The most important effects of this legislation on English local government are three in number:

In the first place, the whole system has been made much more democratic in character. At the present time almost all the important local authorities are councils, such as the county council, the parish council, and the borough council, having jurisdiction over particular local districts. These councils are elected by the taxpayers of the districts. But as taxes are paid by reason of occupation rather than the ownership of a house or land, practically all adult occupiers of houses and land have the right to vote.

In the second place, the sphere of local activity has, on the whole, been enlarged. This is due to the fact that local government legislation has become somewhat more general and liberal in character. The old idea of a special act conferring local powers has been in a measure abandoned, and the general acts give, particularly in the case of the boroughs, wider powers than were formerly possessed. Thus many boroughs at the present time have their own waterworks, their own tramways, their own electric-light plants, their own markets,

and so on, while the increasing density of the population has made it seem desirable to grant very wide powers to be exercised for the protection of the public health and safety.

Finally, the actions of local authorities, even within the limits of the law, have been subjected to a central administrative control to be exercised by the Local Government Board at London, established in 1871, to supervise the administration of the poor law, the public health, and the local finances of the various local districts.

The English system of local government remains, however, in its main features fundamentally the same as it has always been. That is, it is a system of local selfgovernment in which the local people have within the limits of acts of Parliament a great influence over the detailed administration of local affairs.

The administrative centralization of the last century of development has consisted in the assumption by the central government, rather of the right of supervising the operations of the local authorities than of the actual management of local activities. For the most part the real power of decision is exercised by locally elected officers who may, however, be obliged by the central authority to maintain a certain fixed standard of efficiency.

It is, however, to be noticed that the system of local government is not so closely associated as formerly. with the central governmental organization. Thus the boroughs as boroughs no longer send representatives to Parliament. The citizen of a borough does not merely, because of his local citizenship, have the Parliamentary suffrage.

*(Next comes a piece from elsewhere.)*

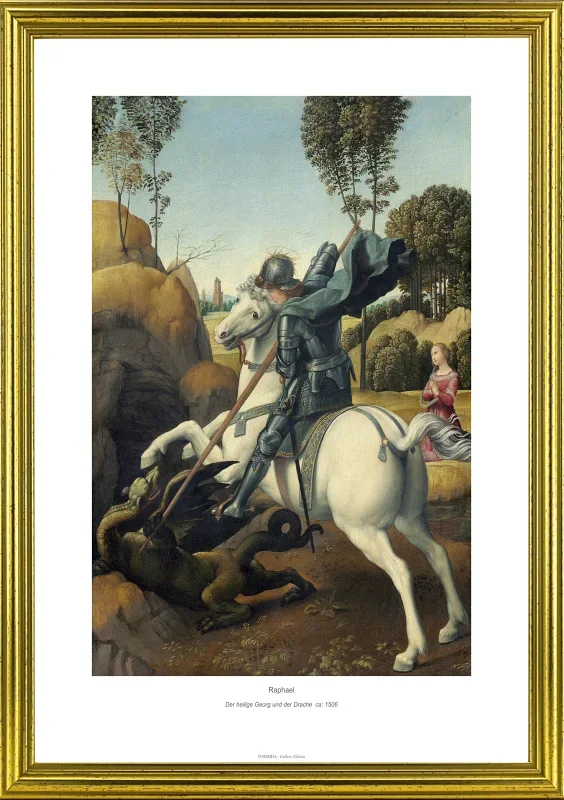 Raffael | Sankt Georg og dragen - 1506 | Gallery Edition | Indrammet kunsttryk | Renæssance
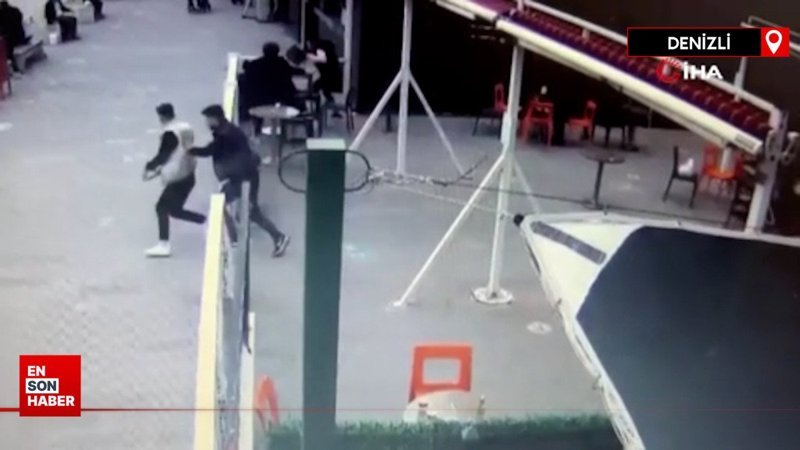 Denizli’de hastane kantininde yaşanan dehşet anlarının görüntüsü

As a general thing, nevertheless, borough

voters and Parliamentary voters are from the same classes; and it never should be forgotten that Parliamentary or Constitutional Government in England developed in close connection with the local institutions. It is only as one understands these local institutions that one can comprehend the origin of constitutional government which, as we have seen, developed in the England of the centuries preceding the close of the eighteenth century.

XXIV

THE LOCAL INSTITUTIONS OF THE UNITED STATES

THE

HE British settlers of North America brought with them the local institutions of the mother country, and upon these as a foundation they built their own system of local government.

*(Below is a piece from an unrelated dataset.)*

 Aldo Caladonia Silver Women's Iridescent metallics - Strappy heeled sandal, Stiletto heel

In the first place they provided a decentralized administrative system; in the second place they laid even more emphasis than the English had laid, prior to the nineteenth century, upon the popular election of local officers; in the third place they accorded to the colonial, later the state, legislature the same power that had been possessed by the British Parliament to determine by law the organization and powers of the local districts and their officers; finally, they made a distinction between the government of cities and the open districts.

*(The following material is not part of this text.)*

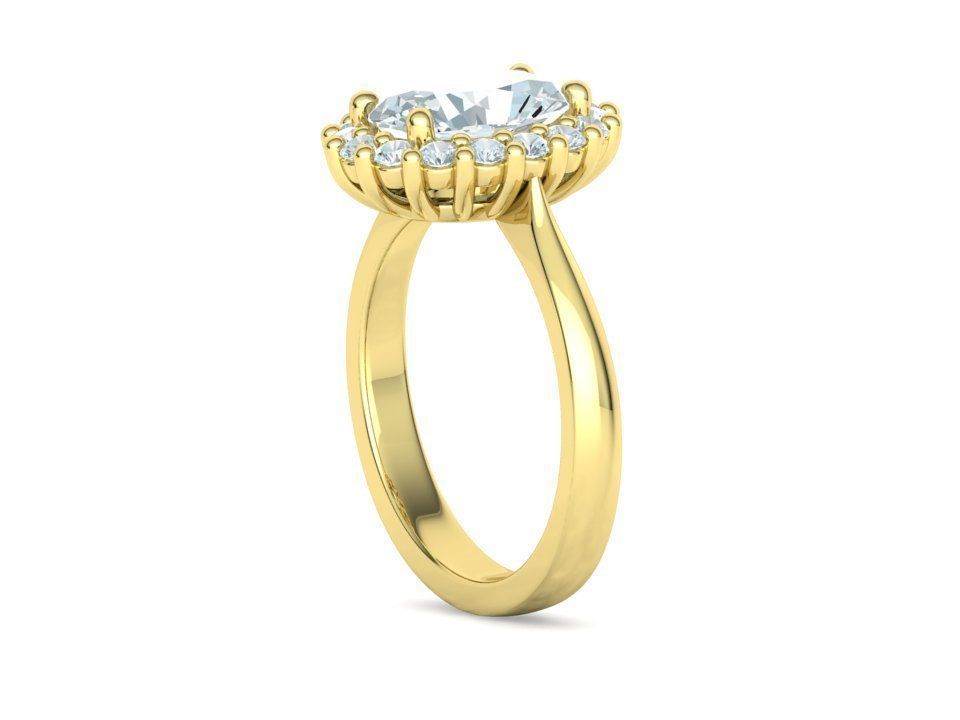 Diana Emerald Engagement Ring 10x8 Oval Stone  3D print model_25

The declaration of the independence of the colonies and their organization as sovereign states brought about little, if any, change in their local institutions, while the adoption of the Constitution of the United States, in 1789, affected hardly at all the position and powers of the local districts and the local officers that existed in the separate states.

Among the powers not granted by the United States Constitution to the central government which it established-powers, therefore, reserved by the states-was the power to organize their own local institutions as they

saw fit. The original thirteen states have had added to their number as the result of American political development more than thirty new states. Each of these states has the same powers with regard to its local institutions, which are possessed by the original thirteen. As a result there are a number of different systems of local government, although the fundamental characteristics of these systems may be said to be substantially the same as those which were to be found a century and a quarter ago in both the original thirteen states and in England itself.

The various systems of local government in the United States differ one from the other mainly in the importance which is accorded to the county or the town, the two main local districts.

Throughout the South and the West it is the county to which has been intrusted the discharge of most of the functions of local government. It is the county which has charge of the preservation of the peace, of the administration of roads and bridges, of the support of the poor, often of the care of the schools and of the registration of documents affecting the title to land, and it is the county which must bear the expense of the judicial administration.

In the northeastern-that is, the New England-states these duties are for the most part imposed upon the town, which is smaller in area than the county.

In some of the Middle States, like New York, a compromise has been reached in which both the county and town are used in such a way that the functions of local government are divided between the two areas.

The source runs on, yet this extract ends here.